◆ TASK INSTRUCTIONS:
Extract the full listing verbatim and drop any pictures from your copy.

◆ DATASET EXTRACT:
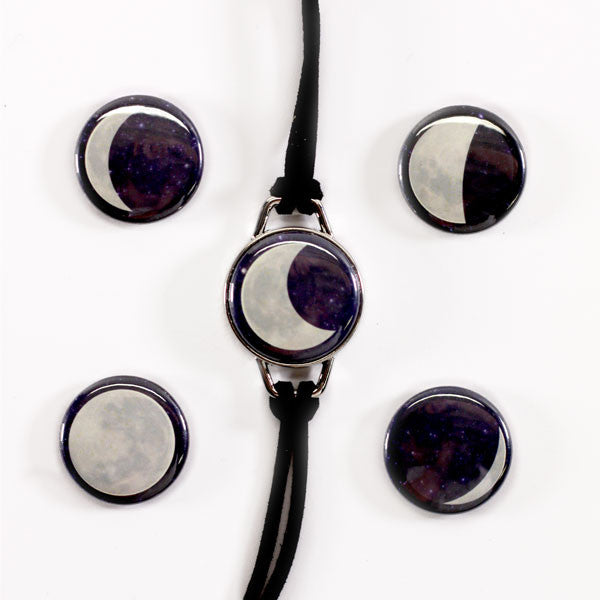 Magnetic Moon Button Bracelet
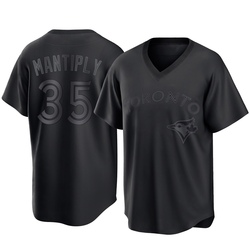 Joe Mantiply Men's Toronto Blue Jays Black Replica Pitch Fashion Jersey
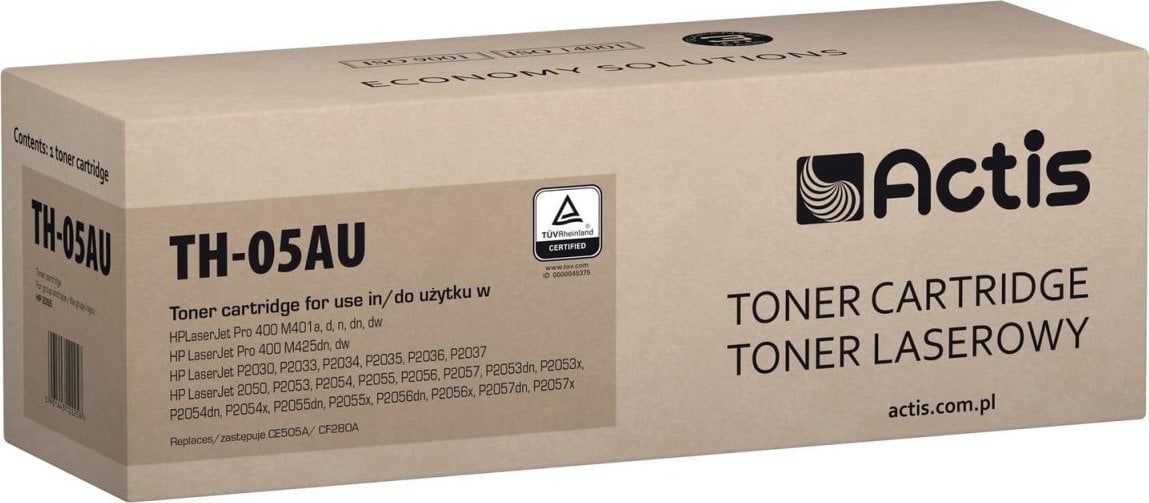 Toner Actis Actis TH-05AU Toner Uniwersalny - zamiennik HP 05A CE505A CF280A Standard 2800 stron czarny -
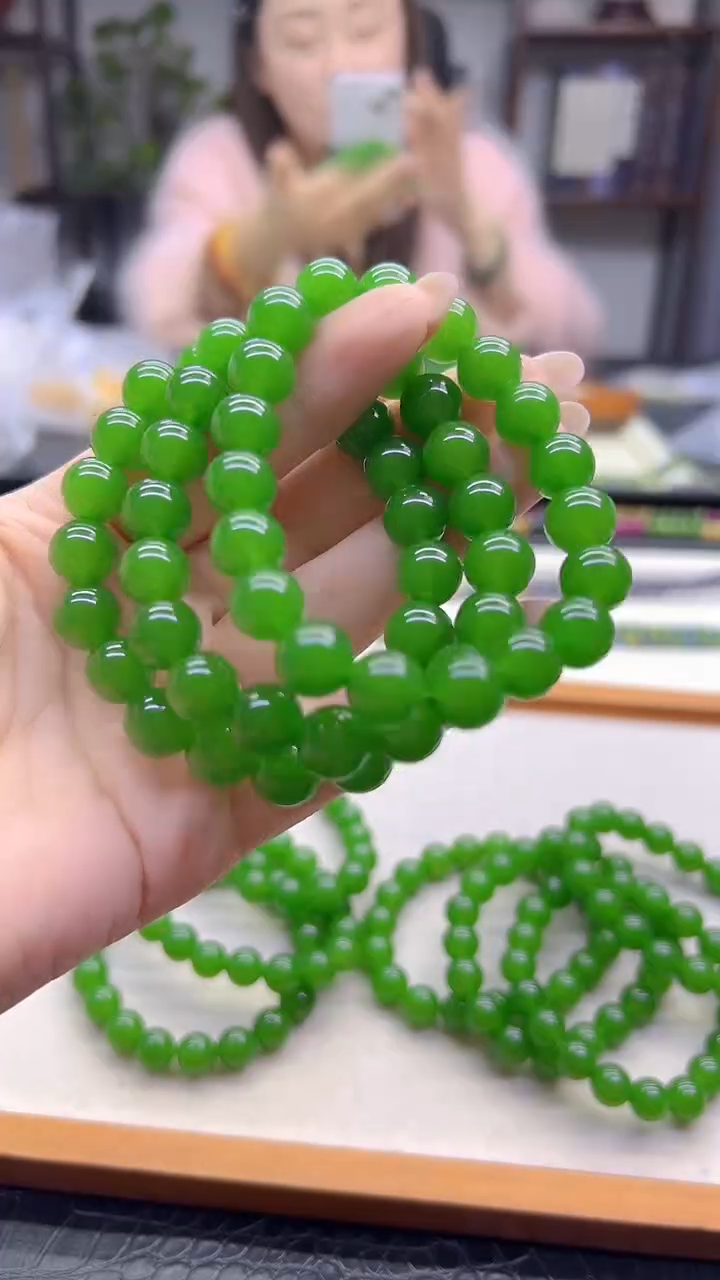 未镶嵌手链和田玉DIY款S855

◆ EXERCISE OUTPUT:
 Magnetic Moon Button Bracelet
 Joe Mantiply Men's Toronto Blue Jays Black Replica Pitch Fashion Jersey
 Toner Actis Actis TH-05AU Toner Uniwersalny - zamiennik HP 05A CE505A CF280A Standard 2800 stron czarny -
 未镶嵌手链和田玉DIY款S855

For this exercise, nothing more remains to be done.